Diet and weight loss as a treatment for psoriasis

Arch Dermatol. 2010 May;146(5):544-6. doi: 10.1001/archdermatol.2010.92.

Abstract

Question: Does moderate weight loss induced by a calorie-restrictive diet improve the therapeutic response to low dose cyclosporine in obese patients with moderate to severe psoriasis?

Design: A 24 week randomized controlled investigator blinded clinical trial.

Setting: Psoriasis outpatient clinic of the University Hospital of Verona.

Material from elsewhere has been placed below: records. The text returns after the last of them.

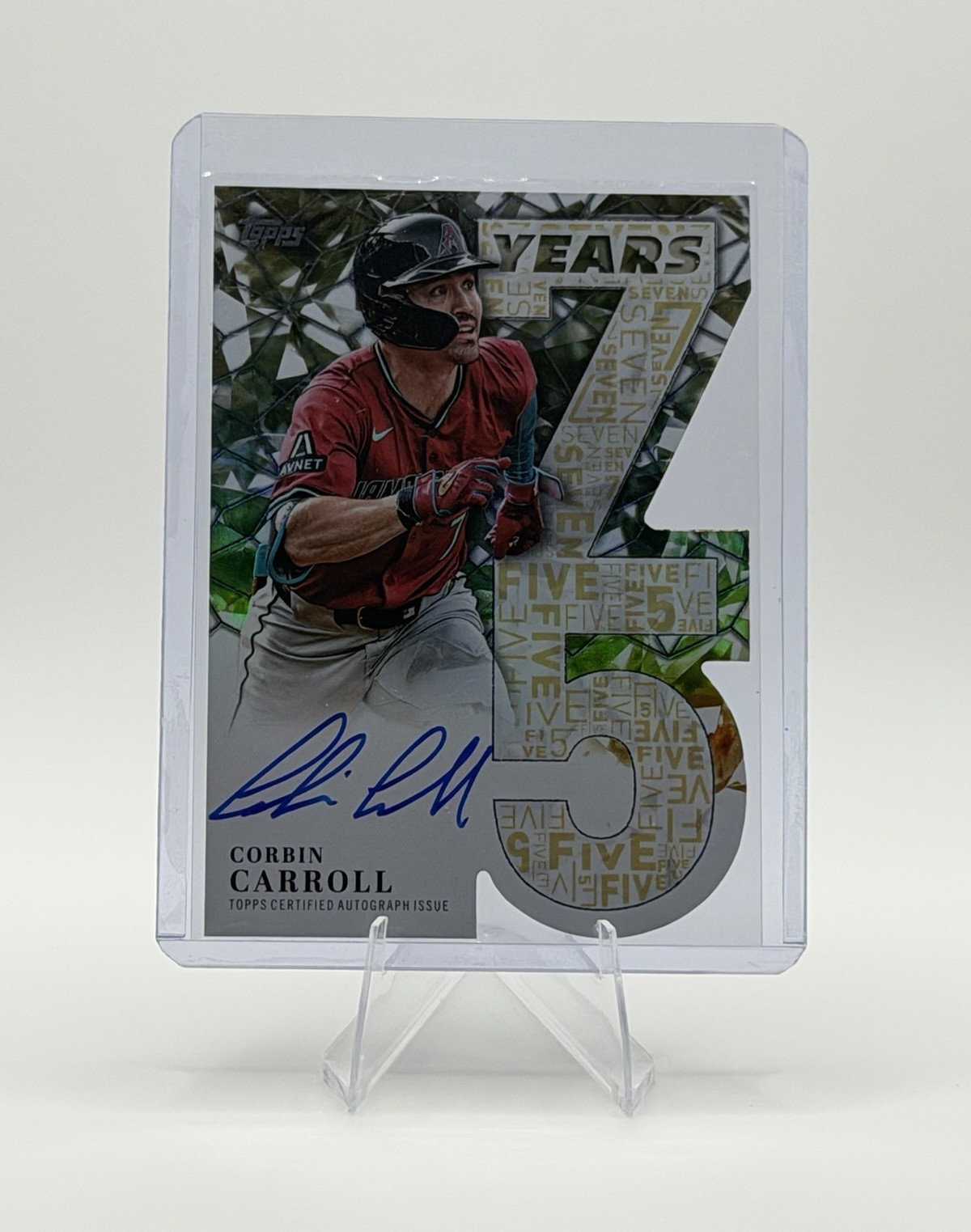 Topps 2026 Series 1 75 Years Die-Cut Autograph Corbin Carroll Gold Foil 25/50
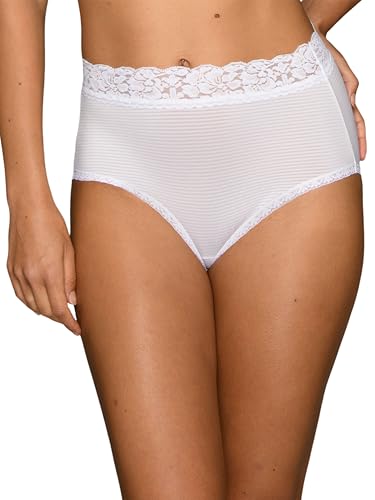 Vanity Fair Women's Flattering Lace Panties: Lightweight & Silky with Superior Stretch, White, 8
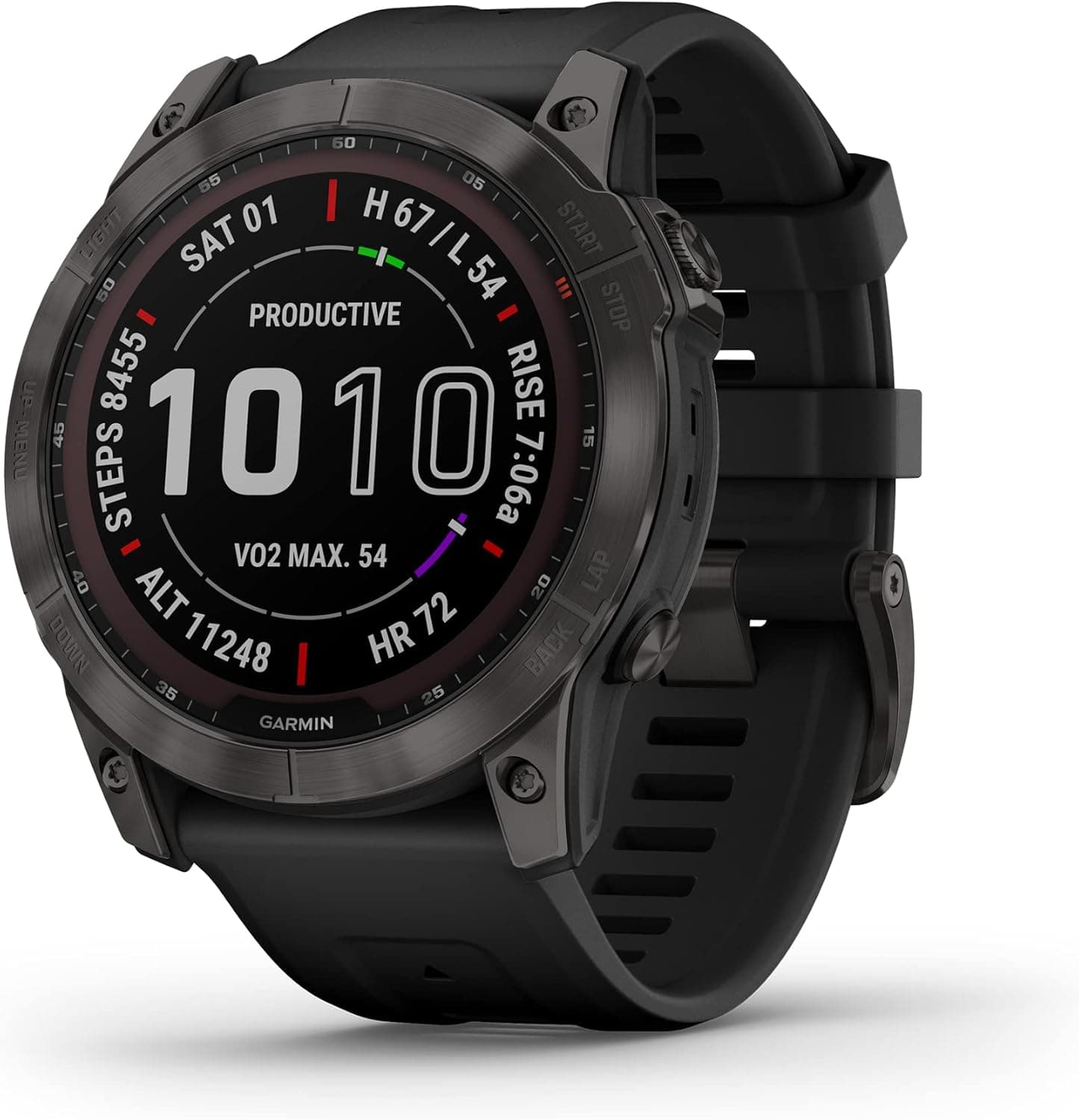 Garmin 010-02541-10 fenix 7X Sapphire Solar,Larger adventure smartwatch, Solar Charging Capabilities, rugged outdoor GPS watch, touchscreen, wellness features, Carbon Gray DLC Titanium with Black Band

Patients: Patients were 18 or older, had active but clinically stable plaque psoriasis involving ≥ 10% of the body surface area and a Psoriasis Area and Severity Index (PASI) of ≥ 10, and had a BMI of ≥30 but ≤45. Patients were excluded if they had other variants of psoriasis, had uncontrolled medical disorders, active or chronic infections, previous malignancies, previous treatment with cyclosporine or phototherapy or any systemic or topical therapy for psoriasis in the 4 weeks before enrollment.

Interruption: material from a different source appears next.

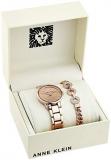 Anne Klein Women's Premium Crystal Accented Rose Gold-Tone Watch and Bracelet Set, AK/3520RGST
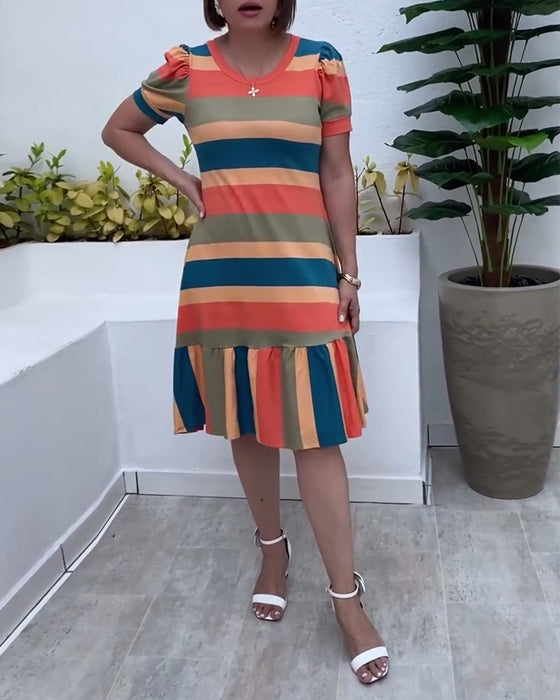 Jurk casual korte mouw gestreept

Intervention: All patients were treated with 2.5mg/kg cyclosporine per day. Patients were randomized to receive a dietary intervention (low-calorie diet administered by a dietician) vs. no dietary intervention. The dietary intervention was a caloric restriction of 500 kcal below the calculated restring energy expenditure involving a diet of 60% carbohydrates, 25% fat, and 15% protein. All of the subjects were encouraged to exercise ≥40 minutes ≥4 times per week.

Main Outcome Measures: The primary endpoint was an improvement in PASI from baseline of ≥75% at week 24. Secondary endpoints were PASI 50 at week 24 and premature withdrawal from the study at week 24.

Results: 61 subjects were enrolled in the study. The baseline characteristics of the patients in terms of age, sex, BMI, waist circumference, PASI, and BSA affected were similar in both groups. The mean (+/-SD) weight loss and reduction in waist circumference was 7.0 +/- 3.5 kg and 3.5 +/- 2.7 cm and 0.2 +/- 0.9 kg and no reduction in waist size in the diet intervention group and the non-intervention group respectively. At week 24, PASI75 and 50 was achieved by significantly larger percentages of subjects in the diet intervention group, p<0.001 (see Table 1). The number of patients needed to treat with the dietary intervention plus cyclosporine to achieve one additional PASI75 responder over low dose cyclosporine alone was 3. In the intervention group, 4 patients (13.3%) dropped out due to adverse events associated with cyclosporine, whereas 14 patients (45.1%) dropped out in the non intervention group (10 because of lack of efficacy and 4 due to cyclosporine associated adverse events), p<0.001.

Conclusions: The authors conclude that obese patients with moderate to severe psoriasis increase their response to low-dose cyclosporine if a calorie controlled diet is included in the treatment regimen.